What you need to do: Please print nothing but the lines from the one containing "Paralama Lado Direito" to the final line below, exactly, and no pictures.

Dataset below:

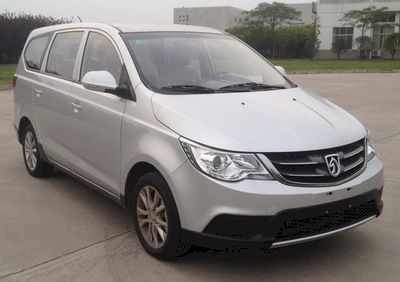 2014 Baojun 730 1.5L Manual 5-seater standard model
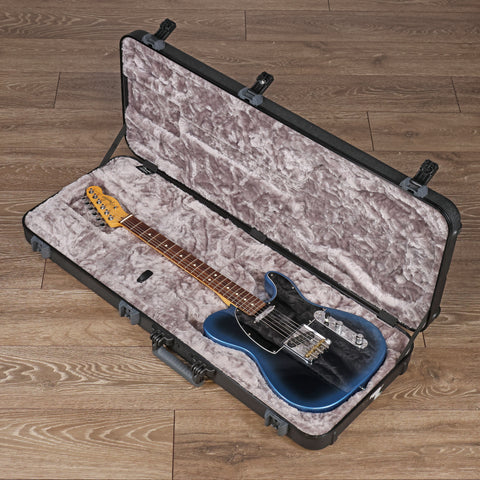 Fender American Professional II Telecaster with Rosewood Fretboard Dark Night 2021
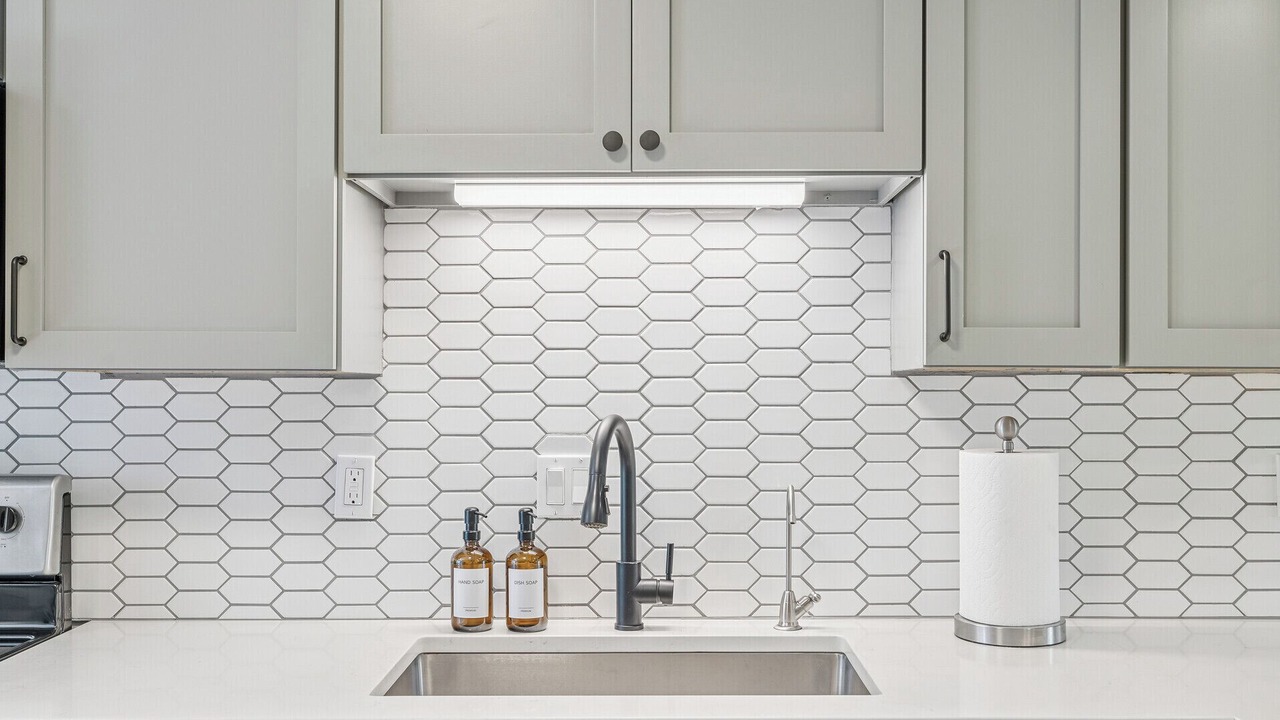 Photo of Kitchen in South St. Paul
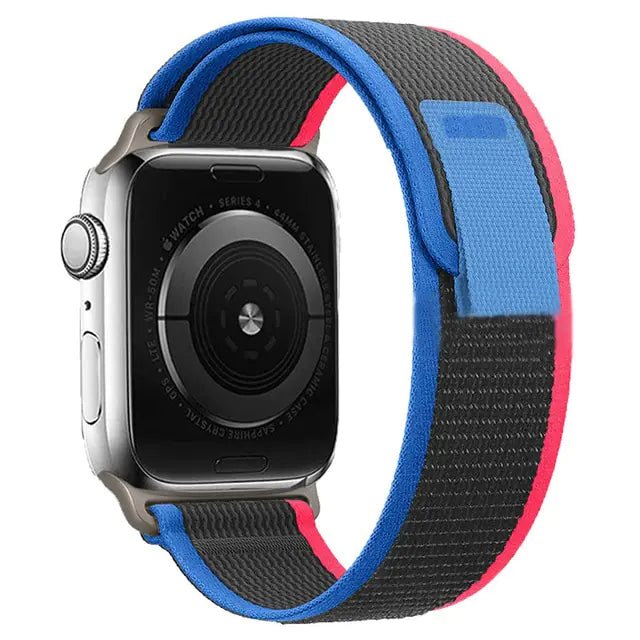 Trail Loop Watchband for iWatch Series - Icespheric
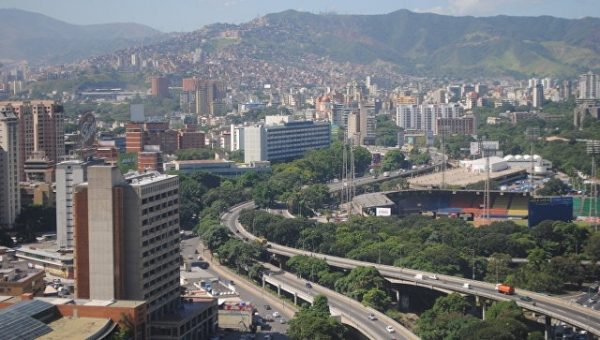 Колумбия не вернет посла в Венесуэлу в знак протеста против выборов
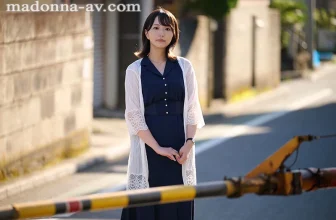 (動圖) 新人長崎由希音 30 歲 AV 出道 清晰的感覺和不斷上升的好奇心。 (16P)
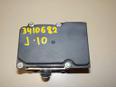 Блок ABS (насос) для Nissan Qashqai (J10) 2006-2014;Qashqai+2 (JJ10) 2008-2014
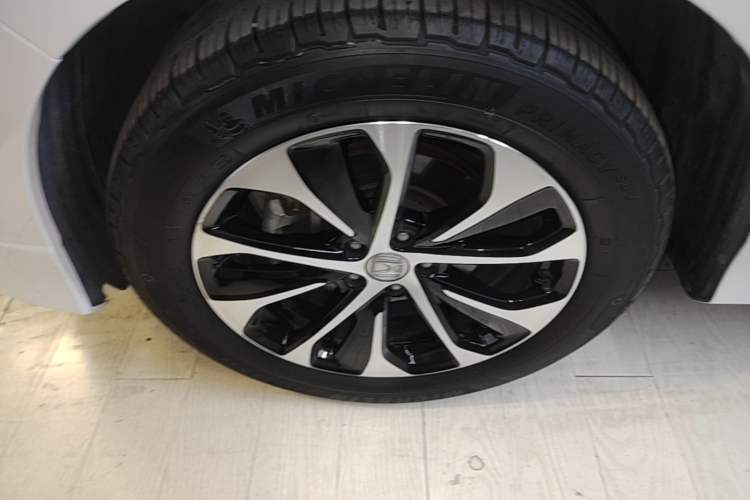 Used Honda Avancier 2019 240TURBO Two-Wheel Drive Luxury Edition Left Front Wheel Hub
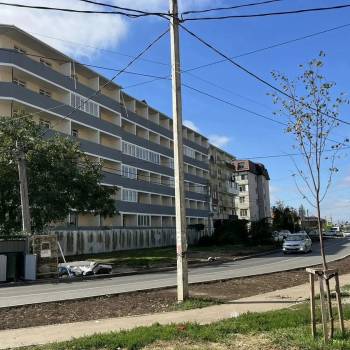 Продается 1-комнатная квартира, 17,4 м²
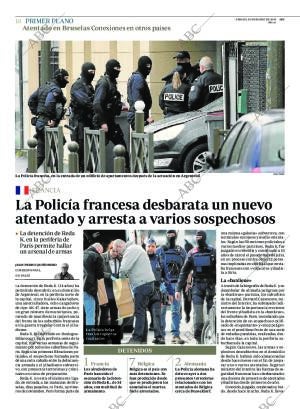 ABC MADRID 26-03-2016 página 18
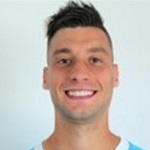 Lucas Poletto Attacker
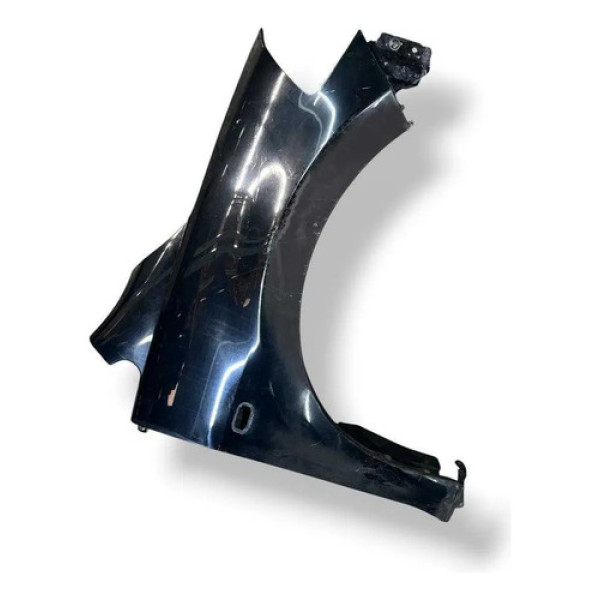 Paralama Lado Direito Nissan Tiida 2008 2009 2010 2011 2012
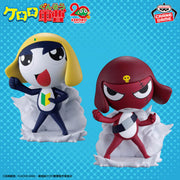 Dororo Sgt. Frog Keroro Platoon Figure Prize Figure by Banpresto (04/2026) - Mandorama [src:https://figisland.net/wp-content/uploads/2026/03/s01011615056693-480x480.jpg]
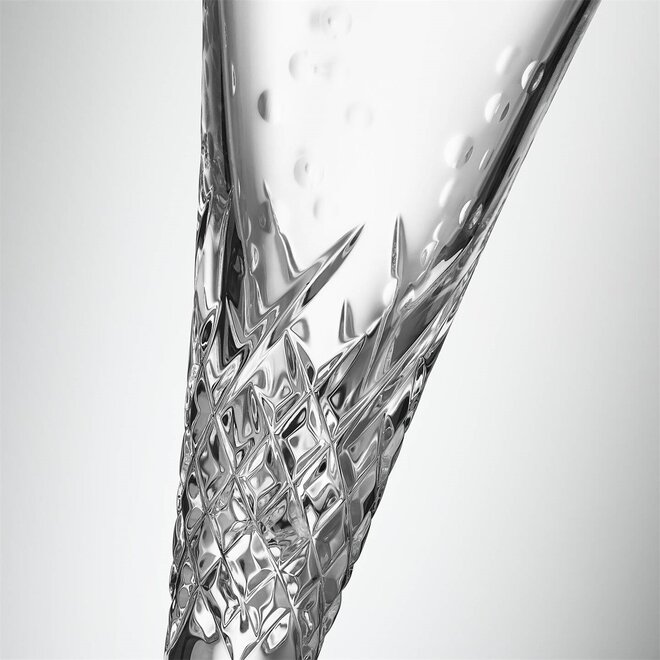 Wishes Happy Celebrations Toasting Flute Pair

End of Dataset.

Response to this task:
 Paralama Lado Direito Nissan Tiida 2008 2009 2010 2011 2012
 Dororo Sgt. Frog Keroro Platoon Figure Prize Figure by Banpresto (04/2026) - Mandorama [src:https://figisland.net/wp-content/uploads/2026/03/s01011615056693-480x480.jpg]
 Wishes Happy Celebrations Toasting Flute Pair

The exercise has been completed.